Jack Ladder & The Dreamlanders – review

jack ladder

For the past three weeks I’ve mulled this album over, and the conclusion can only be that Playmates is a timely, intelligent, and incredibly well-needed album for Australian rock in 2014.

Three years since Hurtsville, Jack Ladder & The Dreamlanders have delivered a highly considered album that could also be argued as their most original. Gone are the dark and misty homage ballads of Hurtsville, here lays an album that’s soul has been stretched beyond melancholy, and laid bare to crackling, pulsating energy of new electronic elements. There’s an industrial anger in the album that highlights Kirin J. Callinan’s influence in the group, particularly in the first half. Again with Ladder (and also with Callinan’s solo work), there’s a strange tone of male Australian unease, and with Playmates, the mood is more volatile in its desperation.
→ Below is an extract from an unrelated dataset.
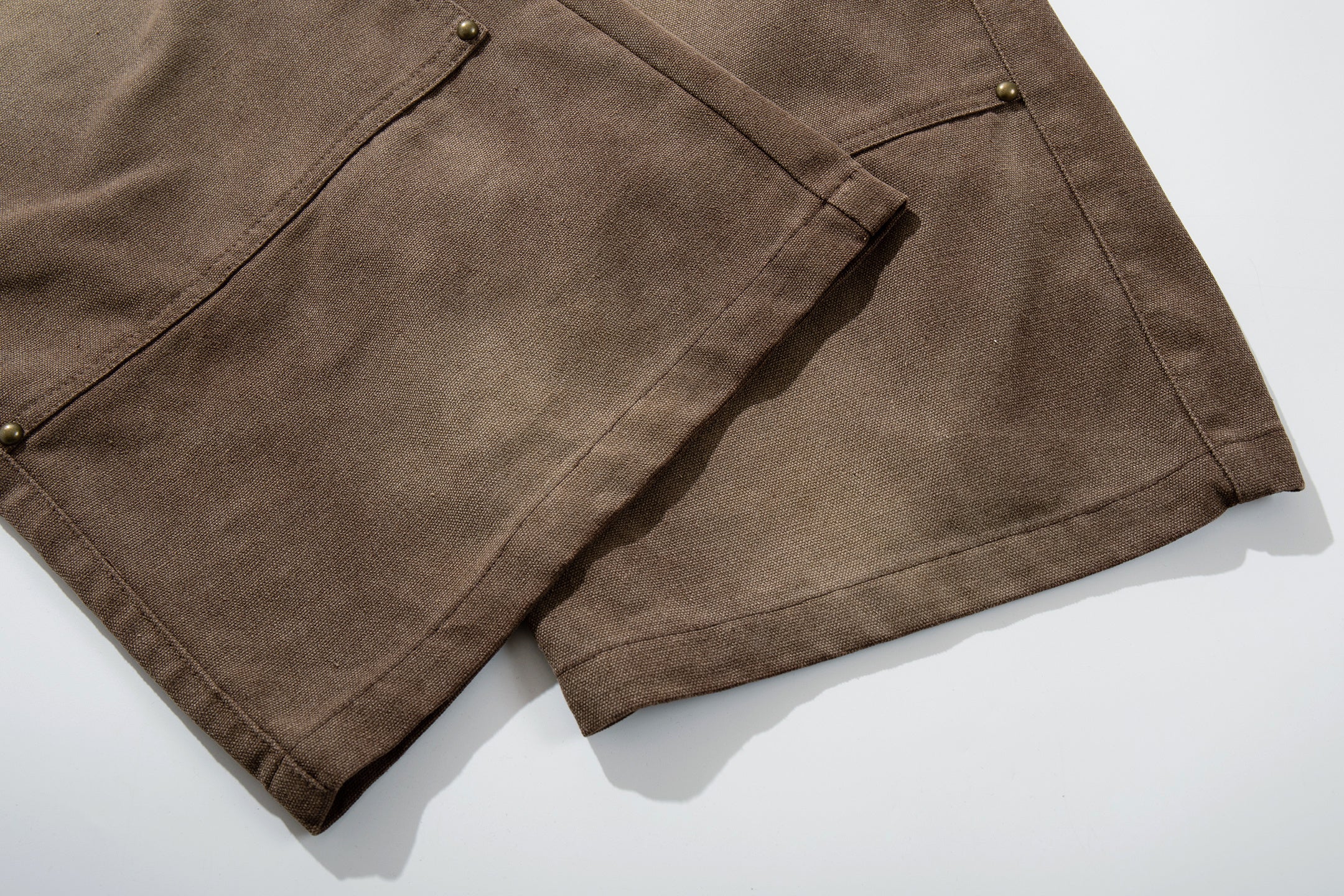 CapCabin Vintage Utility Wide-Leg Pants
Images of islands made for one, and detached, searching characters make up the narrative, and with a spattering of everything good about the 80s (synth pop, new wave, art rock) and new heavier guitar riffs, Ladder has created a looming universe that hangs around after the album’s conclusion.

For any Sharon Van Etten fans out there, you’ll be pleased to note two feature appearances whose cathartic vocal style is always a heart-wrenching pleasure. Overall, this album is a good indicator of the possibilities of contemporary Australian music. Considering the new stylistic step Playmates has taken, it’s difficult to know where Jack Ladder & The Dreamlanders will go next.